Apple claims the A18 Pro delivers 50% better performance than Intel’s Core Ultra 5 for everyday tasks. That is a carefully hedged statement. For web browsing, document editing, and streaming, the Neo will feel snappy. For anything beyond that — video editing, heavy multitasking, development environments — the 8GB of non-upgradeable RAM and phone-class silicon will hit a wall fast.
“The biggest difference is that inside the Neo is an A18 Pro iPhone chip instead of an M-series processor Apple typically uses in its laptops,” noted The Verge’s Antonio Di Benedetto in his hands-on review.
The Compromises Are Real
The spec sheet reads like a masterclass in cost engineering. The base model at $599 ships without Touch ID — you unlock it with a password, in 2026. Touch ID requires the $699 512GB configuration. One of the two USB-C ports is USB 2.0, a standard from the year 2000 that transfers data at 480 Mb/s. There is no Thunderbolt, no MagSafe, no Wi-Fi 7, no P3 wide color gamut on the display, and no backlit keyboard.
The trackpad ditches Apple’s haptic Force Touch system for a mechanical click — the first time Apple has done this since the 2015 MacBook.
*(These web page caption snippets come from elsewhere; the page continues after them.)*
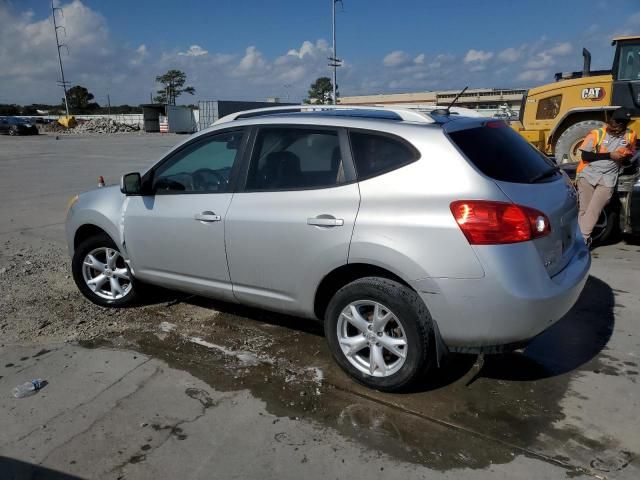 2008 Nissan Rogue S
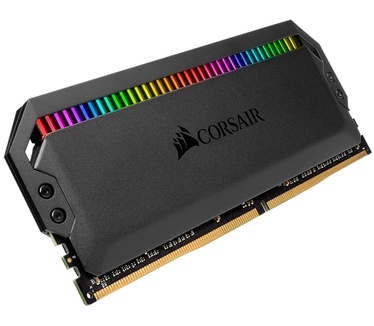 Corsair Dominator Platinum RGB CMT32GX4M2C3466C16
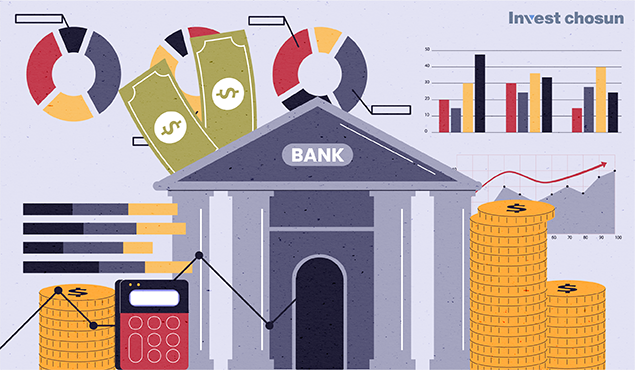 BNK·JB·iM금융, 3분기 실적 개선에도 '건전성'은 아슬아슬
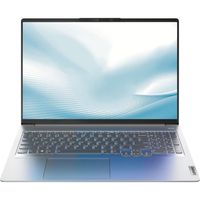 Lenovo IdeaPad 5 Pro 16ACH6 (82L5001PGE) 512 GB SSD / 16 GB - Notebook - cloud grey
The battery is 36.5 Wh versus 53.8 Wh on the Air, and the included charger delivers just 20 watts. Apple’s claimed 11-hour battery life assumes modest brightness and light usage. Real-world endurance will likely land closer to 7 or 8 hours.
The 13-inch Liquid Retina display hits 500 nits with anti-reflective coating — perfectly adequate, but missing True Tone and the richer color accuracy that creative professionals expect.
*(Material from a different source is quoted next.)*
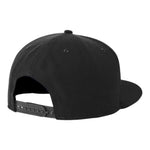 New Era NE4020 Standard Fit Flat Bill Snapback Cap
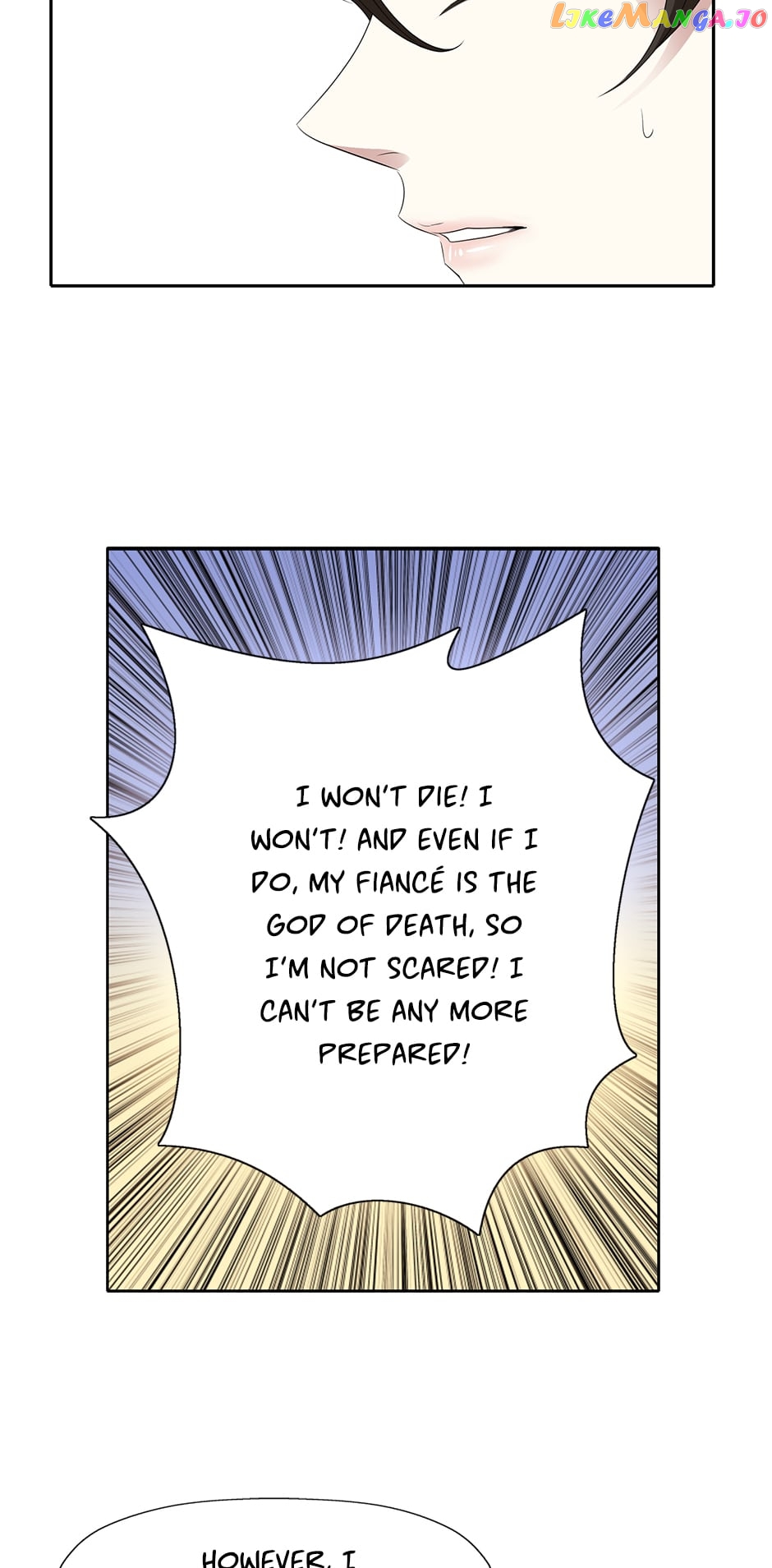 I’m a Killer but I’m Thinking of Living as a Princess chapter 69 page 13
The iPad’s Identity Crisis Just Got Worse
At $599 for the Neo versus $869 for an iPad Air before adding a $349 keyboard, the math is brutal. The iPad Air M4 with a Magic Keyboard costs $1,218. The MacBook Neo runs macOS, includes a real keyboard and trackpad, starts at 256GB of storage, and costs $599.
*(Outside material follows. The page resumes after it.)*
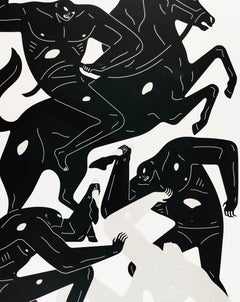 Long Live Death, Bone, 2021, Cleon Peterson, Limited Edition Street Art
Apple spent a decade trying to convince users that the iPad could replace a laptop. The MacBook Neo is the company’s own admission that it cannot. The Neo targets students, first-time Mac buyers, and anyone who needs a portable machine for basic productivity. It is not a creative workstation. It is not a development machine. It is a $599 gateway into the Apple ecosystem, and at that price, nothing else in Apple’s lineup — or anyone else’s — comes close.
A Week of Announcements, One Clear Winner
The Neo capped a week-long product blitz. Monday brought the iPhone 17e at $599 with the A19 chip, MagSafe, and Apple’s C1X modem. The iPad Air M4 launched the same day at $669. Tuesday delivered the M5 MacBook Air at $1,119, MacBook Pro models with M5 Pro and M5 Max chips starting at $2,499, and two refreshed Studio Displays — including a mini-LED XDR model at $3,499 with 2,000-nit HDR and 120Hz.
All products are available for preorder now, with shipments starting March 11. The MacBook Neo will move units. Whether those buyers outgrow its 8GB ceiling within two years is the question Apple is betting they will not ask until it is time to buy another Mac.